Phew! I didn’t think it was possible to smell dads shoes once I was on top of the bed, but I was WRONG!
Excuse me I am in here please cover it up.
I’ve got the best hide-and-seek spot ever! They’ll never find me.
“God Bless mom and dad, and all my furblings,
and thank you for all my daily treats,
amen”
ewwww, don’t look at me, I didn’t do it!!
Oh man! Even I can smell that one!
And you say my feet smell–at least they smell like Fritos!
Does her butt look too big; does her butt look too small? I plead the fifth woman… I don’t want to be sent to the “farm” like the 2 legged furless one that answered that question the last time.
BOL!! And they thought the puppy did it!!
Mom did you have to show the baby pictures to all my friends.
Ahh, no, I don’t take good pictures!
Ahem… No your butt does not look big.
Aye yey yey…. silent but deadly….
Ready or NOT, here I come!
“Michael, why did u have to go?”
Does anyone have a midol?
“Yes, I went to Argentina; I’m soooo ashamed!”
Awwwww! The cat had to let the secret about the accident I had on the bed!

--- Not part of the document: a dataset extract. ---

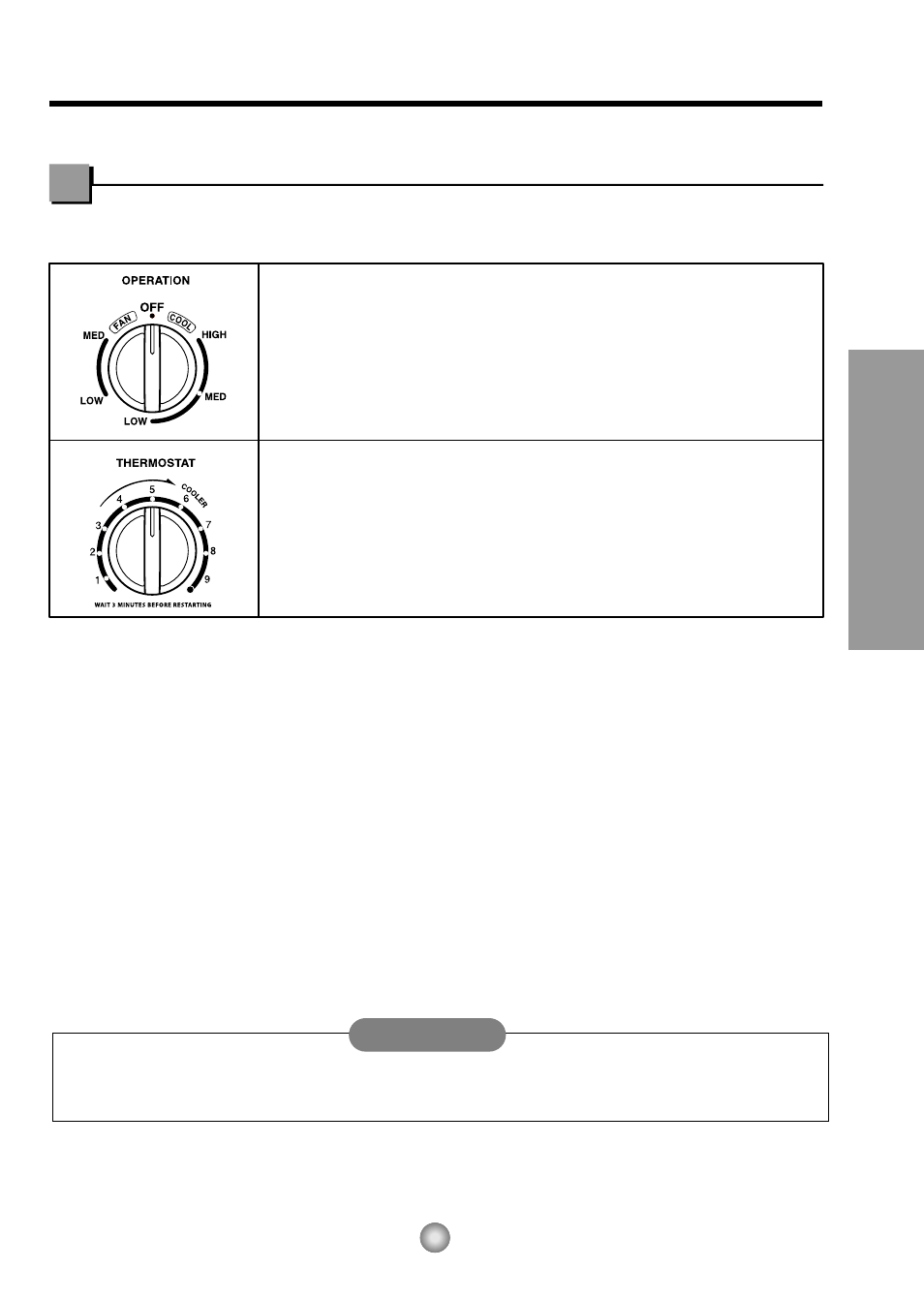 About the controls on the air conditioner, Controls | Panasonic CW-C83GU User Manual | Page 5 / 56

Mom never sees me on her bed when I cover my eyes!
I swear, what happened at the dog park was an accident, okay!?
You can’t see me!
“Oh woe is me! Mom’s going shopping and I can’t go!”
jeez put some clothes on!
Until you put on some clothes, I’m not looking.
Get a room!
No pictures yet, pawlease?! A star needs some private time too, ya know!
Note to self. “What happens at the groomer, will stay at the groomer.”
Hmmmm… Mom was right!! Writing my history notes on my paw was a bad idea!!
“no mom ! that wasn’t an eye boogie, I swear !!”
1…2…3…Ready or not here I come!
How come every time we play hide-and-go-seek, I end up counting?
No, mommy, I’m not watching you change.
Dear God…Please make mommy give me my treats!
Daddy, I’m not crying, I’m wiping the tears off my face!
I can’t believe they put they decorated the bedroom this way. I can’t invite my friends over.
Not to be Melodramatic BUT you Stink.
Ooh such a cute dogie, reminds me of my little old Sam. I miss you, much!
Click here for espresso cup info.
I can’t see you, so you can’t see me. Therefore, you do not know that I am on the bed. Right?
I can’t see you, you can’t see me! La la la, I can’t here you!!!!
I am not here, I am not here. I cover my eyes, therefore I am invisible. You can’t seeeee meeeeeee!
serang malon
Oh I love that Febreeze smell.. Can’t get enough of it!!